CodingQuarry has been designed for and tested on fungal genomes. It achieves a higher level of accuracy than competing methods by mixing predictions made from assembled transcript sequences with predictions made from assembled genome sequences. In theory, changes to the intron model used for prediction to allow the prediction of longer introns when predicting genes from assembled genome sequence would allow CodingQuarry to be applied to higher eukaryotes. However, in practice, the transcript assembly quality for RNA-seq datasets from higher eukaryotes does not result in enough correctly assembled full-length transcripts for this method to be advantageous. The limitations of transcript assembly quality to gene prediction have been previously noted [8]. Examples of factors contributing to this are the RNA-seq alignment/assembly being complicated by larger introns, and a higher prevalence of alternative splicing, as discussed in the Background section of this manuscript. It is therefore the opinion of the authors that it is unlikely that CodingQuarry would deliver similar improvement in genomes of higher eukaryotes as in fungal genomes, however this is something that may be explored in future studies.

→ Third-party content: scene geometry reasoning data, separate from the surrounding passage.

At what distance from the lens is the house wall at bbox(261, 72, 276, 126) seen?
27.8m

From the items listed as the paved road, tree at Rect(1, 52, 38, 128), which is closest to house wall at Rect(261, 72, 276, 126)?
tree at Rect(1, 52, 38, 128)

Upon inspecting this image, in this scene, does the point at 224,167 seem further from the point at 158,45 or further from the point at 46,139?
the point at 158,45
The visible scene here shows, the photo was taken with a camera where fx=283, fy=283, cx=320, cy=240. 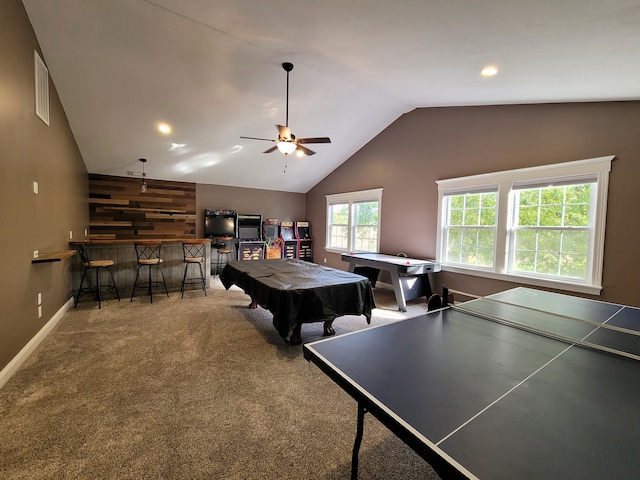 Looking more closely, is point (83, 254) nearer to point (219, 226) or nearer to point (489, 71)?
point (219, 226)

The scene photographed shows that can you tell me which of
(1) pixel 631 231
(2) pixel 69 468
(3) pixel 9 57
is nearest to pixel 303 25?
(3) pixel 9 57

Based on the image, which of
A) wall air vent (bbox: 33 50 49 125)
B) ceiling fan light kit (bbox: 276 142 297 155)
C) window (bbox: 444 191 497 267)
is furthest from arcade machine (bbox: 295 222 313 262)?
wall air vent (bbox: 33 50 49 125)

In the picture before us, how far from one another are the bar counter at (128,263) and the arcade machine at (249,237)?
1839mm

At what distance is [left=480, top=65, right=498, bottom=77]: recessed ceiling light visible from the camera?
9.18 feet

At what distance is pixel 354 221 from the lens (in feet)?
22.4

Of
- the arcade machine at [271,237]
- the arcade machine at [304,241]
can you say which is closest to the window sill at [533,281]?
the arcade machine at [304,241]

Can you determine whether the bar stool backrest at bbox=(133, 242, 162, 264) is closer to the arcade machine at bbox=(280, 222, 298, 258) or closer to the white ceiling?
the white ceiling

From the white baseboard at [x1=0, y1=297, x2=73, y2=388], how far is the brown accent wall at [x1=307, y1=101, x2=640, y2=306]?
527cm

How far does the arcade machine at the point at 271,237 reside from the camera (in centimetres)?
774

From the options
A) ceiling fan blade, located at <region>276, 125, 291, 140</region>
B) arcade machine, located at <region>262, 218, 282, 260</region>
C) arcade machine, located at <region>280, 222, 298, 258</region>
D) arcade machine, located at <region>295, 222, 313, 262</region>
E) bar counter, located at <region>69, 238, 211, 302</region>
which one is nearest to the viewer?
ceiling fan blade, located at <region>276, 125, 291, 140</region>

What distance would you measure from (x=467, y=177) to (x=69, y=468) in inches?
202

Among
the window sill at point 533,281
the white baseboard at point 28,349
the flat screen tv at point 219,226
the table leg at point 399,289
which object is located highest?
the flat screen tv at point 219,226

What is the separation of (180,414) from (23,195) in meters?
2.54

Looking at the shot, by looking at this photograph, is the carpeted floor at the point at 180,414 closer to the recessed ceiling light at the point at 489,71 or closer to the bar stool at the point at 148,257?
the bar stool at the point at 148,257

CodingQuarry also outputs an additional set of “dubious” genes, as candidates for gene discovery. As described in the methods section, these genes are forced predictions in transcripts that, after running CodingQuarry steps 1 and 2, do not have an overlapping coding sequence prediction. 632 “dubious” genes are predicted for Sc. pombe, and 444 for S. cerevisiae. Of these, 25 and 16 overlap a gene in the annotation of Sc. pombe and S. cerevisiae respectively in the same coding frame. BLAST [61] was used to search for alignments between the protein sequences of dubious genes predictions with no coding sequence shared with genes in the annotation, and NCBI’s non-redundant database. Seven of these Sc. pombe genes aligned to an entry in nr with a protein level identity of 40% or better and e-value less than 10−5. Of these, six lay completely within a gene annotation on the opposite strand. For S. cerevisiae, 21 novel genes aligned to an entry in nr with a protein level identity of 40% or better and e-value better than 10−5, 10 of which lay completely within a annotated gene on the opposite strand. This result can either be viewed as the possibility of unannotated proteins in the test genome annotations, or, possible contamination of the nr database with translated sequences from non-coding RNA. We hope that this feature will assist researchers in gene discovery, however these predictions should be treated cautiously and we do not recommend their inclusion in a formal annotation dataset or submitted to databases without further validation.

Conclusions

We have demonstrated the success of our method of using RNA-seq derived data in GHMMs for fungal gene prediction. For researchers studying the genomes of newly sequenced fungi, for which protein homology resources are absent or unreliable, CodingQuarry can be used as a single step in predicting protein-coding gene sequences with high accuracy. For more detailed annotation efforts, CodingQuarry offers an appropriate starting point for further refinement of annotations with additional supporting evidence.

Availability and requirements

Project name: CodingQuarry.

Project home page:https://sourceforge.net/projects/codingquarry/.

Operating system(s): Platform independent.

Programming language: C++.

Other requirements: OpenMP.

License: GNU.

Any restrictions to use by non-academics: No.